2026年に問われるのはAIでどれだけ稼いだか

【トレンド3】拡大する「価値格差」──ROI実現企業と失敗企業の分岐点

 2025年は「AIの民主化」が進んだ年だった。

 スタンフォード大学のAI研究機関Stanford HAI(Human-Centered AI Institute)は、「The 2025 AI Index Report」と題されたレポート(2025年11月更新版)において、調査対象とした企業の78%がAIを使用中と回答しており、生成AIの利用率も前年の33%から71%へと倍増したと報告している。

 もっとも、AIの利用が広がった一方で、その恩恵を実際に受けられているかどうかという点については大きな差が生まれている。

 たとえば前述のBCGレポートは、導入企業の60%は「実質的な価値(収益増など)をほとんど得られていない」と分析している。多くの企業が「とりあえずChatGPTを導入した」「研修を実施した」という活動実績だけで満足し、それが実際の儲け(ROI)につながっているかを厳しく検証していなかった。

 売り上げの増加や企業価値の向上といった価値を実現できている企業は、ごく一部に限られているのである。

 2026年、AI導入競争は「入れたかどうか」ではなく「どれだけ稼いだか」という結果が問われるフェーズに入るというのが、多くの専門家の見解だ。

 BCGは、AI活用に成功している上位5%の「Future-built(未来構築型)」企業が、それ以外の企業に比べて1.7倍の収益成長を実現していると報告している。この上位層はAIで得た利益をさらに次のAI投資に回すことで、他社との差を加速度的に広げているという。

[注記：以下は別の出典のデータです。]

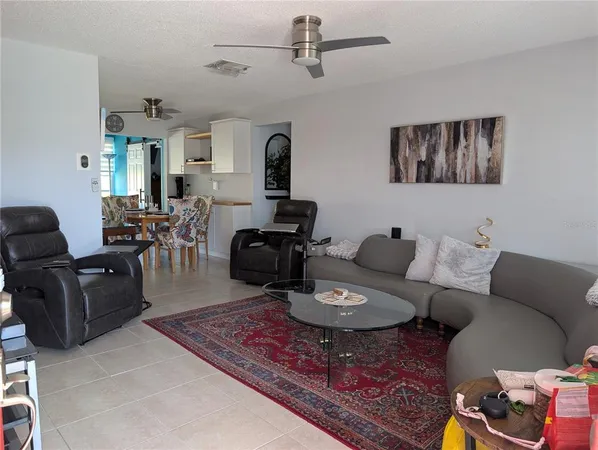 $2,100 | 3833 101st Terrace North, Pinellas Park, FL 33782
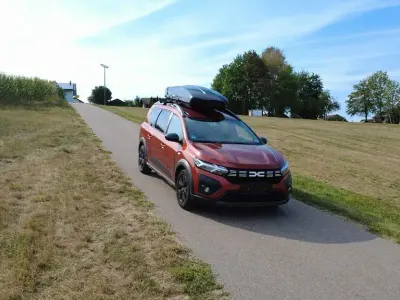 Gebraucht Dacia Jogger Extreme 101 PS (74 kW) 2023 Orange Van / Kleinbus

 この「AIが生み出す価値の格差(Value Gap)」は2026年に決定的なものになるだろう。成功企業は、単なる業務効率化(コスト削減)だけでなく、AIを使った新商品開発や新しいビジネスモデルの構築といった価値の創出に軸足を移す。一方で成果を出せない企業は、投資コストの回収もままならず、競争力を失うことになるかもしれない。